# Exercise aim
The answer must consist of every line from the data that holds the string "Ward".

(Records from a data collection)

-------------------------

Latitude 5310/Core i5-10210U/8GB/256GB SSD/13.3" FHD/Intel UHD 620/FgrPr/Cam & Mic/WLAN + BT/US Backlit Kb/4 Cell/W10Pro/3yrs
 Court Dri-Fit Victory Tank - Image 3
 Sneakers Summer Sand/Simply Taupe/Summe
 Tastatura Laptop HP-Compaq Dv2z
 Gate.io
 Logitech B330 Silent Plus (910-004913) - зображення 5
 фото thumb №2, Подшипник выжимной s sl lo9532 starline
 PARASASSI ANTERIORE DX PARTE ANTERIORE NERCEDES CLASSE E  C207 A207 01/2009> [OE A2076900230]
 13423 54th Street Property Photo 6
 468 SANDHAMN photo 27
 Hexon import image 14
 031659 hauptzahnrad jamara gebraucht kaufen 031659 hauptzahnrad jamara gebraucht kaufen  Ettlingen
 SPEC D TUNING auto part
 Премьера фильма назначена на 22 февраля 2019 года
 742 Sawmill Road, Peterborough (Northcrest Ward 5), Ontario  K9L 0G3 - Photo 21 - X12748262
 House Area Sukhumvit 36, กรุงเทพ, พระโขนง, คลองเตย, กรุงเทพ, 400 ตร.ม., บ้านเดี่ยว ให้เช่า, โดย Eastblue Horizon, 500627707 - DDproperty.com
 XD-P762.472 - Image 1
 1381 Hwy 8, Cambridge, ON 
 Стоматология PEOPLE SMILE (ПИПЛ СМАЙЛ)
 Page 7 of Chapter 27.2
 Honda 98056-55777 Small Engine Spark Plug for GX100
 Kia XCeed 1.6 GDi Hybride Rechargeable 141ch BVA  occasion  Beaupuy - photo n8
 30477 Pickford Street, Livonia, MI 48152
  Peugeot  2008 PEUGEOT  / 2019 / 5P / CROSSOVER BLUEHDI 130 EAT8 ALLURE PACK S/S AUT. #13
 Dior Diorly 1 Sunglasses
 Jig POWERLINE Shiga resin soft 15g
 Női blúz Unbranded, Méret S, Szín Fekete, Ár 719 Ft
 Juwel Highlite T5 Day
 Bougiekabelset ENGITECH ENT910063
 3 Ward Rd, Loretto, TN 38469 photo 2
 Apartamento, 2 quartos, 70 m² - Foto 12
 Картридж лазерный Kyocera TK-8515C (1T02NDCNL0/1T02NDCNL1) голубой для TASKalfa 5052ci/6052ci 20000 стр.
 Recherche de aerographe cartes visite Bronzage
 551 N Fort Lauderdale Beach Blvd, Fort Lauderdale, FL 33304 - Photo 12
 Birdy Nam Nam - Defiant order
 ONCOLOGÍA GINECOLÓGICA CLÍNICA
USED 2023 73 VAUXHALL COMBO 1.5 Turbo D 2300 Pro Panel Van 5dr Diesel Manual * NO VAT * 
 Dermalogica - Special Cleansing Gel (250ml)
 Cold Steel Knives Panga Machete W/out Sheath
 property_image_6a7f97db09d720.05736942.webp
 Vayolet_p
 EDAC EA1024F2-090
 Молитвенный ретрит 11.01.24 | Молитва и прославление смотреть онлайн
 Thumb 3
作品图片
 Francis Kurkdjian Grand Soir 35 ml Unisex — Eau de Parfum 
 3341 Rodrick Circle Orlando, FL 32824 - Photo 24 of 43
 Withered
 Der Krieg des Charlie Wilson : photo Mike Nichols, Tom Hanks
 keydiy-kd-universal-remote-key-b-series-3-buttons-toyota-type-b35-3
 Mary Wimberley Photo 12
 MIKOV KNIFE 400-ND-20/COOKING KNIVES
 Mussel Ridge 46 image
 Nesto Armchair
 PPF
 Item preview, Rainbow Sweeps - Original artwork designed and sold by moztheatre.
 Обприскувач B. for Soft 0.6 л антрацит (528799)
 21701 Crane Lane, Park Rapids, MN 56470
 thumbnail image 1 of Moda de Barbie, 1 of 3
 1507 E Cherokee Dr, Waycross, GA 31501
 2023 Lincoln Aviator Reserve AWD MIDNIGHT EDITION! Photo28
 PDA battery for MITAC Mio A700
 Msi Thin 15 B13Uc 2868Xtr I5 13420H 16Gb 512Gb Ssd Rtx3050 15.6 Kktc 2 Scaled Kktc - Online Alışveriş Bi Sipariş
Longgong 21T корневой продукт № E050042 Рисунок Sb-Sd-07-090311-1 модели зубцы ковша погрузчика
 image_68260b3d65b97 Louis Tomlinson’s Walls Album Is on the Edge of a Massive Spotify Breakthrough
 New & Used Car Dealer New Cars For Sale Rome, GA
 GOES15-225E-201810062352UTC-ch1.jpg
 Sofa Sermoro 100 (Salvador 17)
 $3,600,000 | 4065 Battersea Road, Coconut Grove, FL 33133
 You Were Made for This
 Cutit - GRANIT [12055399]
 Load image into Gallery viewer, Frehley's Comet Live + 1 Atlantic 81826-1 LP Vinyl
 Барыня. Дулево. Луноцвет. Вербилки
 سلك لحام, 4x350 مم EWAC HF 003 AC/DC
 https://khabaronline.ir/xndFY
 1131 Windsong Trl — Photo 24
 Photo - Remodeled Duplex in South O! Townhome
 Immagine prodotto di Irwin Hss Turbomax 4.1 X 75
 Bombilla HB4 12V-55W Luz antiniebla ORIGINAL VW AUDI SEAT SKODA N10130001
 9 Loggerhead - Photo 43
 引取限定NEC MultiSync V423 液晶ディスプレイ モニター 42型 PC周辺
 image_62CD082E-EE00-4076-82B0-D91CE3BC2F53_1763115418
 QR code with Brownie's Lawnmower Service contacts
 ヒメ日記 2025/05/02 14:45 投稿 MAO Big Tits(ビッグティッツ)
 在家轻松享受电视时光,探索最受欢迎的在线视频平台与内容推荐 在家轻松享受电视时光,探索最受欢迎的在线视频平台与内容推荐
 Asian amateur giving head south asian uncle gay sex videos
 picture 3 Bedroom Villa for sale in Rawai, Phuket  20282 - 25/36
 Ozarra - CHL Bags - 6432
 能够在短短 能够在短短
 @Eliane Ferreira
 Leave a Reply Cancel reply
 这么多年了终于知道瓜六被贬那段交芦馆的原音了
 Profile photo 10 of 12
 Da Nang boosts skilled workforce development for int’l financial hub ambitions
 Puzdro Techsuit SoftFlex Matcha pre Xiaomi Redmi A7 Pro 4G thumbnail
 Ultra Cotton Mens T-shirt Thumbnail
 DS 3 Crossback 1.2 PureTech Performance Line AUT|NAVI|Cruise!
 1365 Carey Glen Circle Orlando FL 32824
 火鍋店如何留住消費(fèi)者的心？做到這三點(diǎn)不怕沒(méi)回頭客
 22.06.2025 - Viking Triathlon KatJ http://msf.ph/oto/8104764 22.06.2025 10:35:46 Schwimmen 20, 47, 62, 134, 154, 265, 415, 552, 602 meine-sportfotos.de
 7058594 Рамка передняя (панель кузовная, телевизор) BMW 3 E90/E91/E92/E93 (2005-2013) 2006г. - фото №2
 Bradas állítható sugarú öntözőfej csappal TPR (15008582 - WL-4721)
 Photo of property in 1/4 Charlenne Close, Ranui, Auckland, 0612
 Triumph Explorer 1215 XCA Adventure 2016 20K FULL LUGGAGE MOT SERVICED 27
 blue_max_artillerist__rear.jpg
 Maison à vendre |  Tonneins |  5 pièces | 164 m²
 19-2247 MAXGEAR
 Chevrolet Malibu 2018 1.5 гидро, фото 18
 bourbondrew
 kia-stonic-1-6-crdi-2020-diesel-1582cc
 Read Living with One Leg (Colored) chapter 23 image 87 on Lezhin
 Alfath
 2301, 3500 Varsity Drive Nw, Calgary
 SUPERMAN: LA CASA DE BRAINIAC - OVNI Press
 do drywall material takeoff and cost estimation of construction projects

-------------------------

# Result of the task
 742 Sawmill Road, Peterborough (Northcrest Ward 5), Ontario  K9L 0G3 - Photo 21 - X12748262
 3 Ward Rd, Loretto, TN 38469 photo 2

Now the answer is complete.